I'm in a bit of a hurry, but this sounds familiar:

[http://www.metafilter.com/122001/Visicalc-on-your-
iPhone](http://www.metafilter.com/122001/Visicalc-on-your-iPhone)

------
anon1385
_So, one argument in favor of web apps is that many of the common, tough-to-
program operations are carefully coded by top programmers who are devoting
their careers to fine-tuning that operation. Browsers are constantly being
upgraded more and more of this important functionality built-in, including
rich-text editing_

Many tough-to-program things like rich text editing have also been implemented
for you in native frameworks. For example see the source of TextEdit[1], it
does not implement a rich text editing control from scratch, it uses
NSTextView and the other NSText* classes.

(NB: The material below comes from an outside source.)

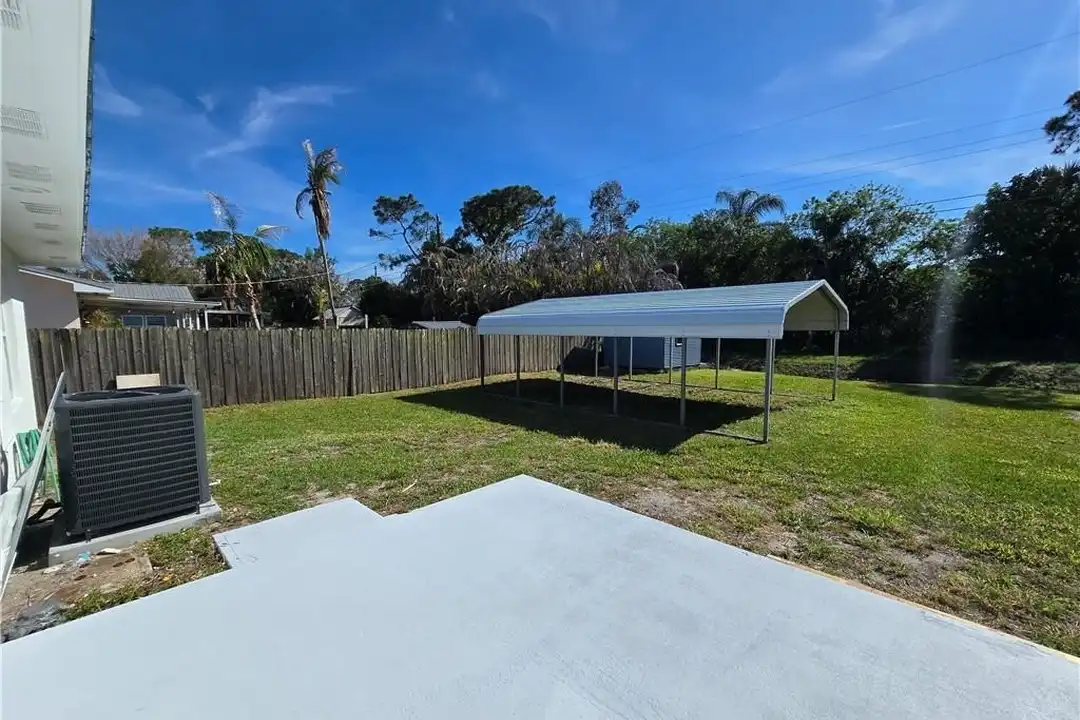 5968 SE Avalon Dr - View 4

 _Only slowly has Objective-C been seeing strings and hash-tables becoming
more than libraries accessed like other objects. This means that handling of
modern cases (e.g., characters taking up more than one byte) happens
naturally, efficiently, and hopefully more bug-free_

NSString has supported NSUTF8StringEncoding since OS X 10.0 (and I imagine
since before that). Dictionaries and arrays did recently get some syntactic
sugar, but strings have always had the @"" syntax, so I'm not sure what the
author is referring to here.

[1]
[https://developer.apple.com/library/mac/#samplecode/TextEdit...](https://developer.apple.com/library/mac/#samplecode/TextEdit/Introduction/Intro.html)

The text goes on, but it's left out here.